Tags: Paper Research Stickperson

The low-rank hurdle model

I recently wrote a paper entitled The low-rank hurdle model. Now you may be wondering what’s a low-rank hurdle model? If you don’t want to read the entire paper, I’ll try to provide a simple explanantion below.

Often data scientists have the luxury of working with large and diverse data sets. The volume and variety of data ensures their jobs will continue to be new, exciting, and (hopefully) durable against automation for years to come. But sometimes this luxury is a curse. Sometimes the excitement for new, large, and diverse data fades as we struggle to match existing methodologies with the challenges at hand. Of course this is a call for innovation.

One of the classic approaches to handling large data sets is to reduce its size. In particular, a researcher may try to perform variable selection or feature extraction to reduce the overall number of variables. One of the more popular approaches is to use principal component analysis (PCA) which constructs a low-dimensional approximation of the original data set. This is sometimes referred to as a low-rank approximation. PCA’s popularity is aided by its mathematical conveniences and interpretability. Unfortunately, PCA requires data to be numerical; and additionally, PCA measures the quality of approximation using a metric known as mean squared error (MSE) which is not appropriate for all data types. Specifically, PCA will struggle representing variables which are categorical, skewed, counts, zero-inflated, imbalanced…

So what does this mean for data scientists? Remember all that data variety which makes the job so great? Well, it’s not friends with PCA.

Other researchers have identified and resolved some of the problems with PCA. The typical approach is to construct a better metric for measuring the quality of the data approximation. So instead of optimizing with respect to MSE, you choose a loss function which better describes the underlying data structure. The existing modifications are typically described under the “generalized low-rank model” and a great summary can be found here.

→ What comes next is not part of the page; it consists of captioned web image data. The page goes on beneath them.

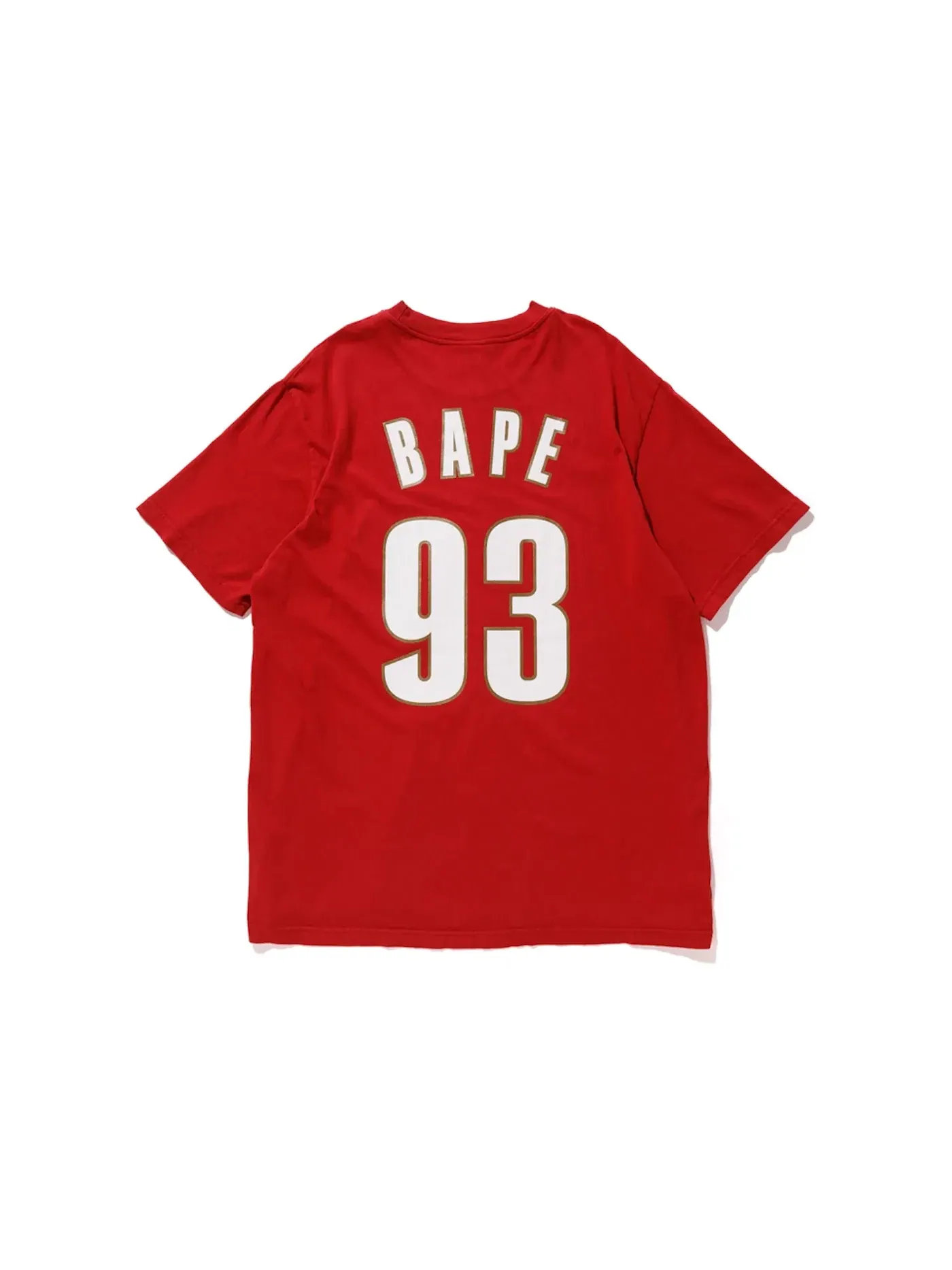 Мужская футболка с принтом BAPE x Mitchell & Ness Cavs Tee BAPE — изображение 2 из 3, бордовый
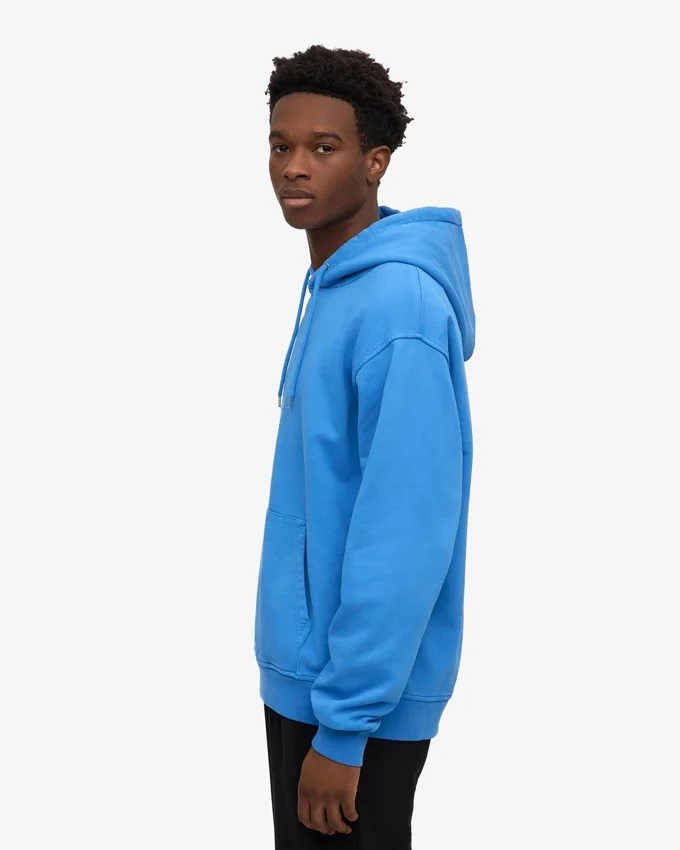 Sweat à capuche Classic Organic en laine bio - Bleu Pacifique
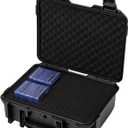Toploaders card case Trading Card Storage Case | Stores 350+ Toploaders, Fits 3"x4" Sports Cards & ONE-Touch Magnetic Holders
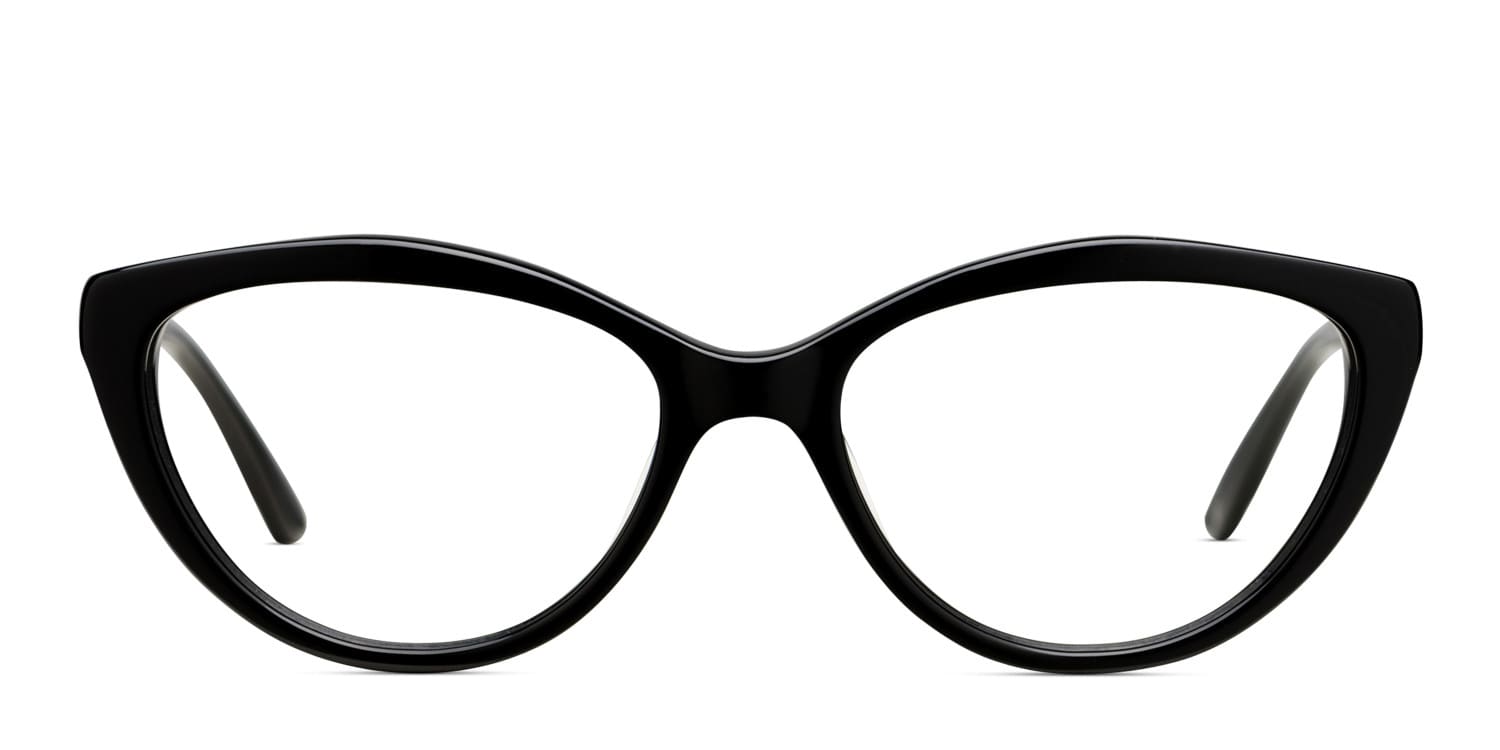 Amelia E. Paris Black glasses - Black - Frontal View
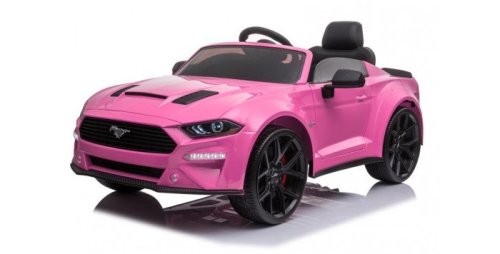 RiverToys Детский электромобиль Ford Mustang GT / цвет розовый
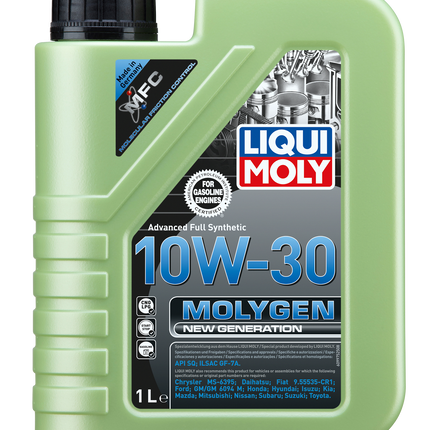 LIQUI MOLY 10W-30 MOLYGEN NEW GENERATİON 1L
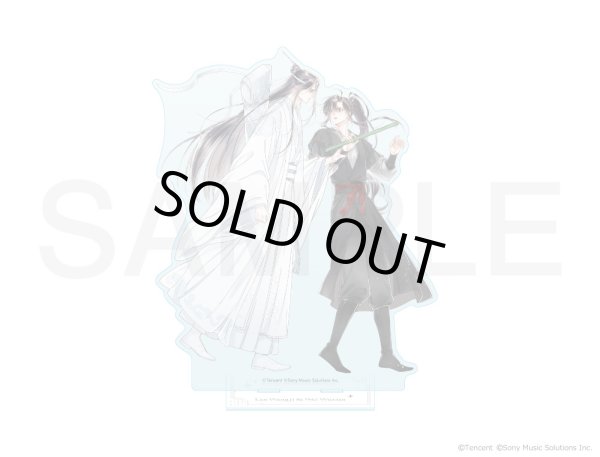 画像1: 漫画『魔道祖師』×COLLABOCAFEHONPO BLANC 2025 等身アクリルスタンドC (1)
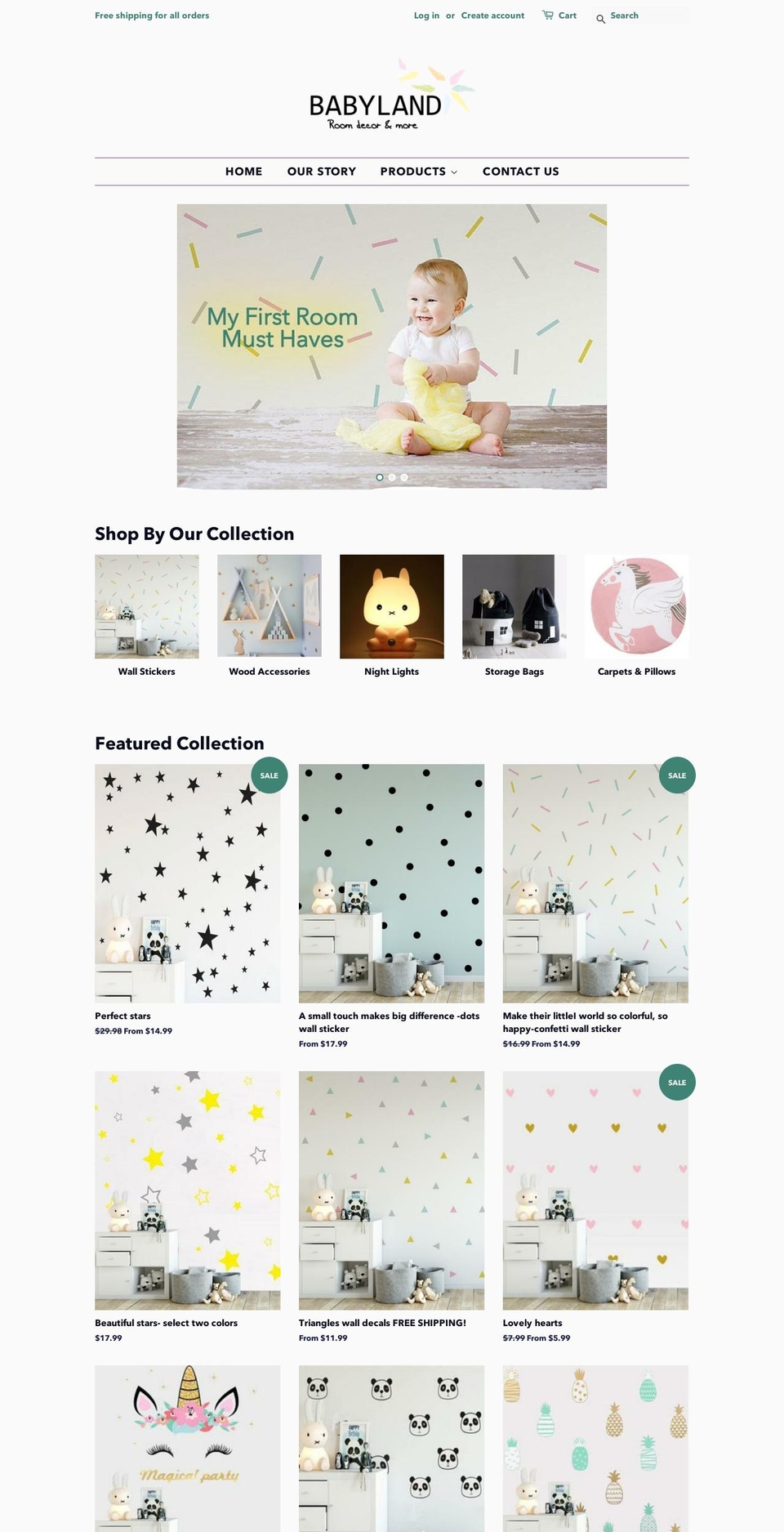 babyland-shop.com — Shopify storefront screenshot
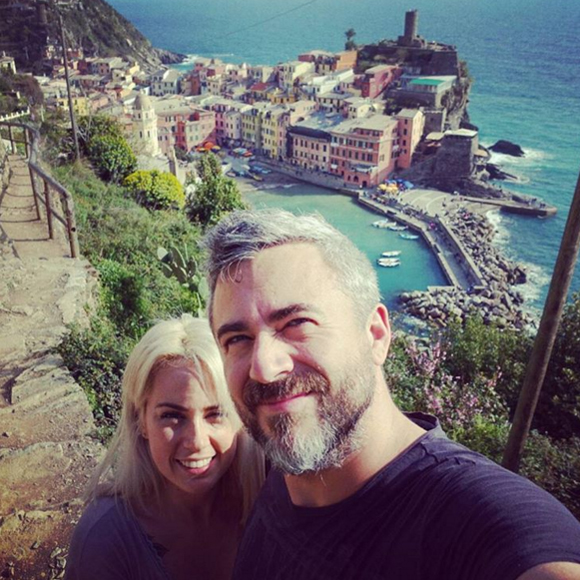 Valérie Roberts et Martin Juneau en lune de miel en Italie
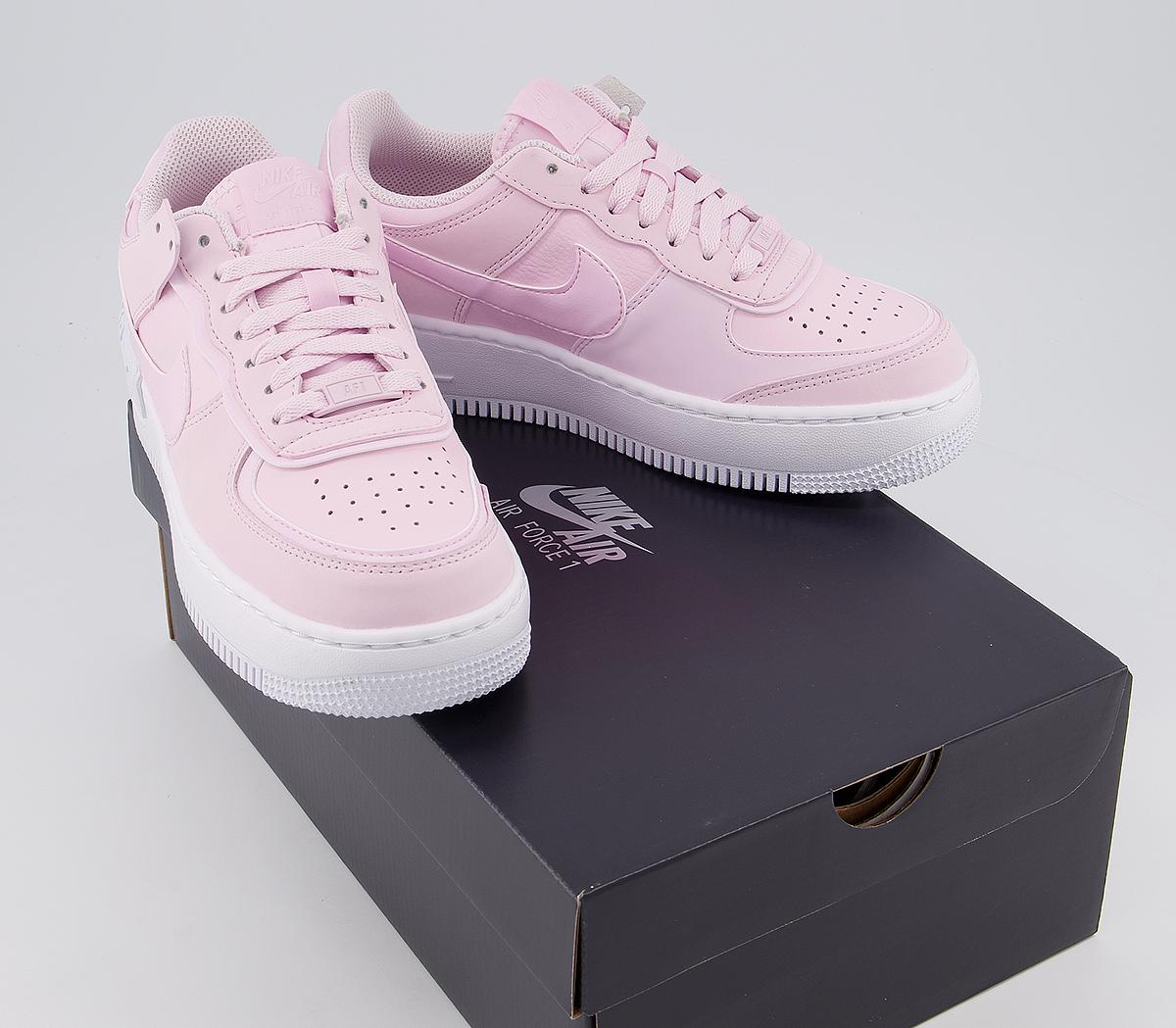 white air forces with pink bottoms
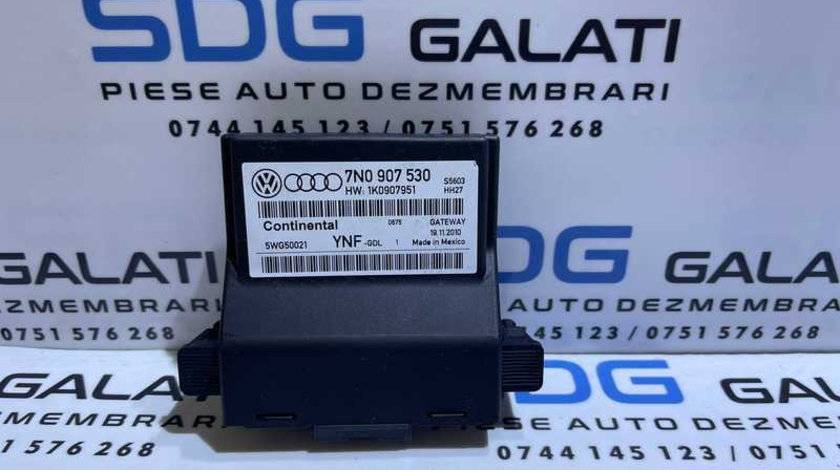 Unitate Modul Calculator CAN Gateway VW Tiguan 2008 - 2012 Cod 7N0907530 1K0907951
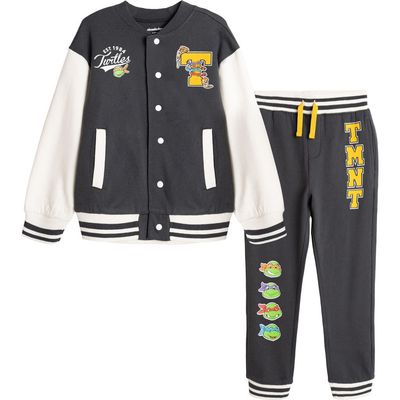 TEENAGE MUTANT NINJA TURTLES TEENAGE MUTANT NINJA TURTLES Fleece Varsity Jacket and Pants Set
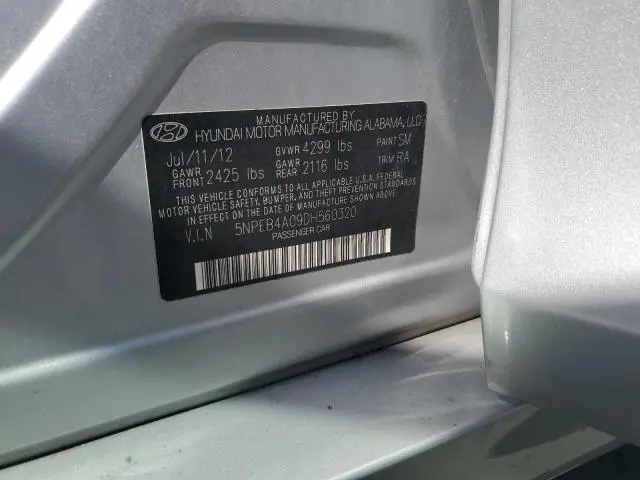 2013 HYUNDAI SONATA GLS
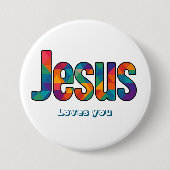 Jesus geometric pattern  缶バッジ (正面)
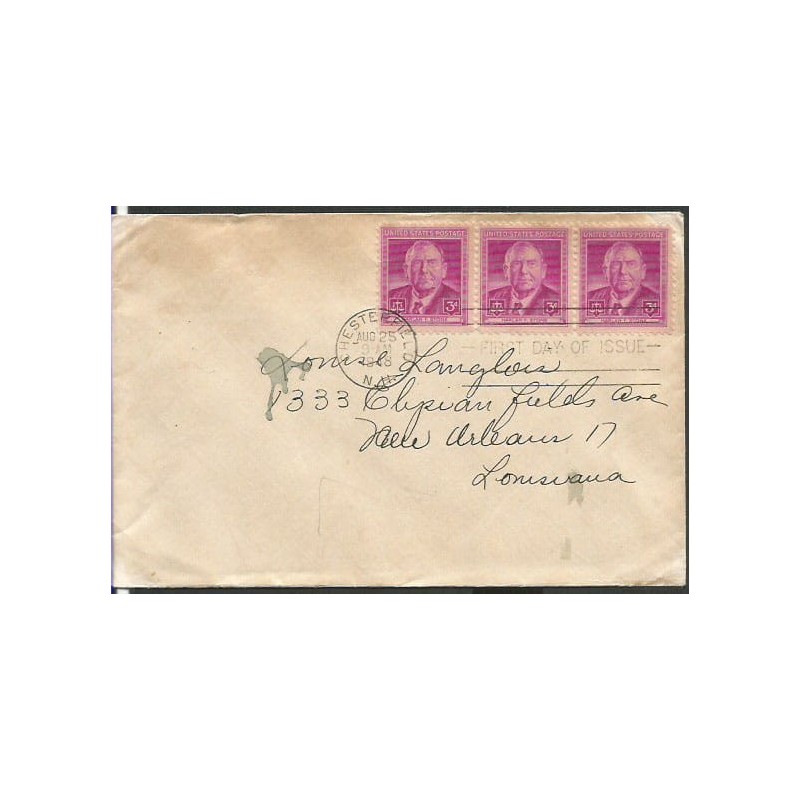 USA 1948, H. Stone, prawo, sądownictwo. FDC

Unfortunately the existing literature is incomplete and lacked specialized approaches for zero-inflated variables. Zero-inflated count variables are commonly found in defect count data sets which are typical in the manufacturing industry, for example. To improve the methodology for such variables, I proposed using the hurdle loss function which is all explained in the paper. Now before you go diving-in head first, I’ll warn you the paper requires some mathematical and statistical background and is not light bedtime reading. So as the old proverb reminds us: forewarned is forearmed…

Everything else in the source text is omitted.